Supplied records =
====================

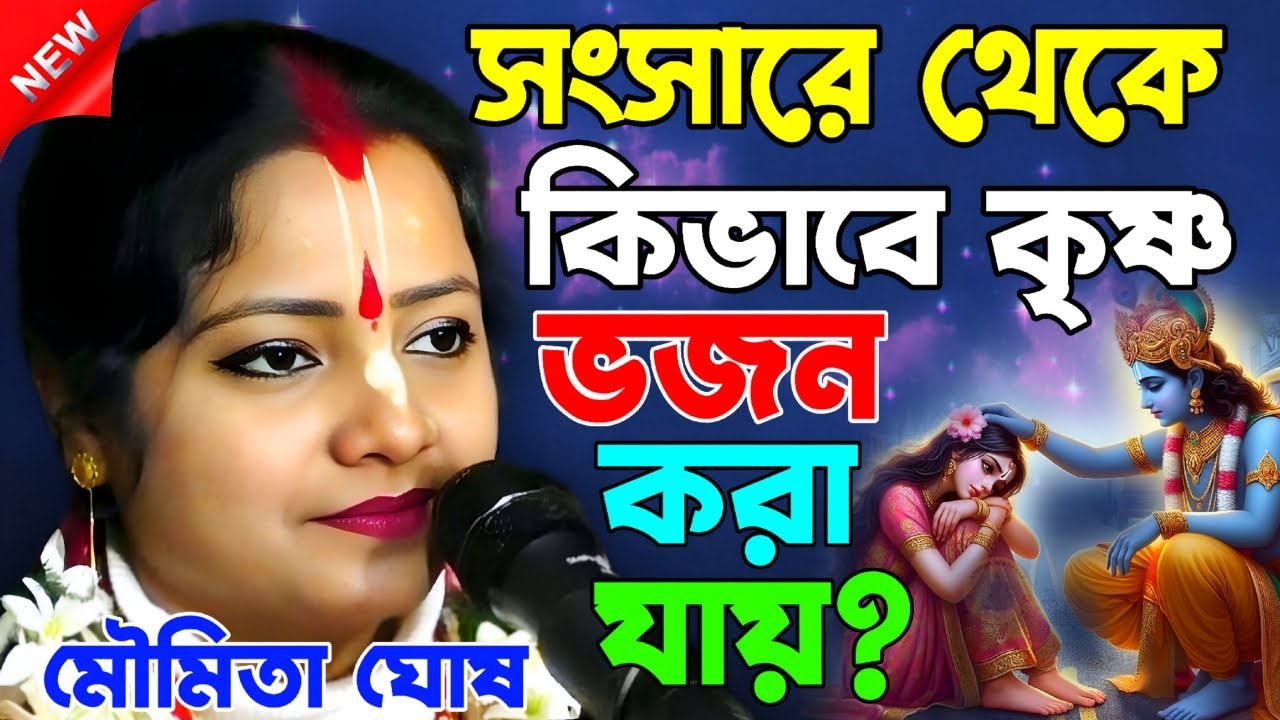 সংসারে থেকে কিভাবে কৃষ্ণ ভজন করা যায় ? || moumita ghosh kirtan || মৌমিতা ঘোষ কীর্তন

====================

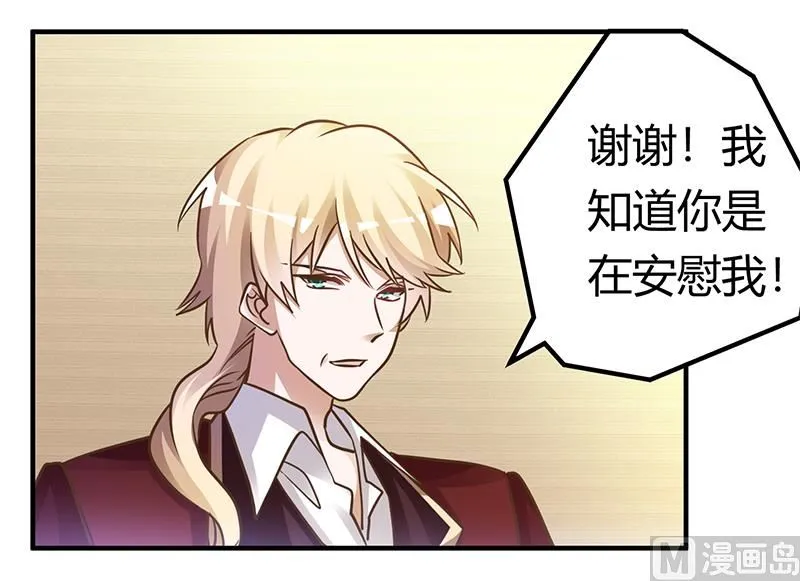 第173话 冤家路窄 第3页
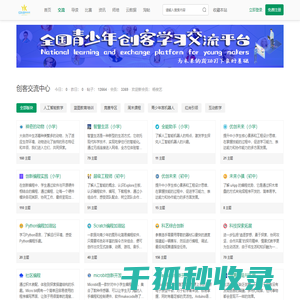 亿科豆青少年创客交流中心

====================

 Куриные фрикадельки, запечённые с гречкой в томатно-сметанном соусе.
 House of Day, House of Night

====================

About this exercise =
Please copy the lines in the records above between the one holding "Куриные фрикадельки, запечённые" and the one holding "House of Day, House of Night", inclusive, exactly and with no other line.

Written answer =
 Куриные фрикадельки, запечённые с гречкой в томатно-сметанном соусе.
 House of Day, House of Night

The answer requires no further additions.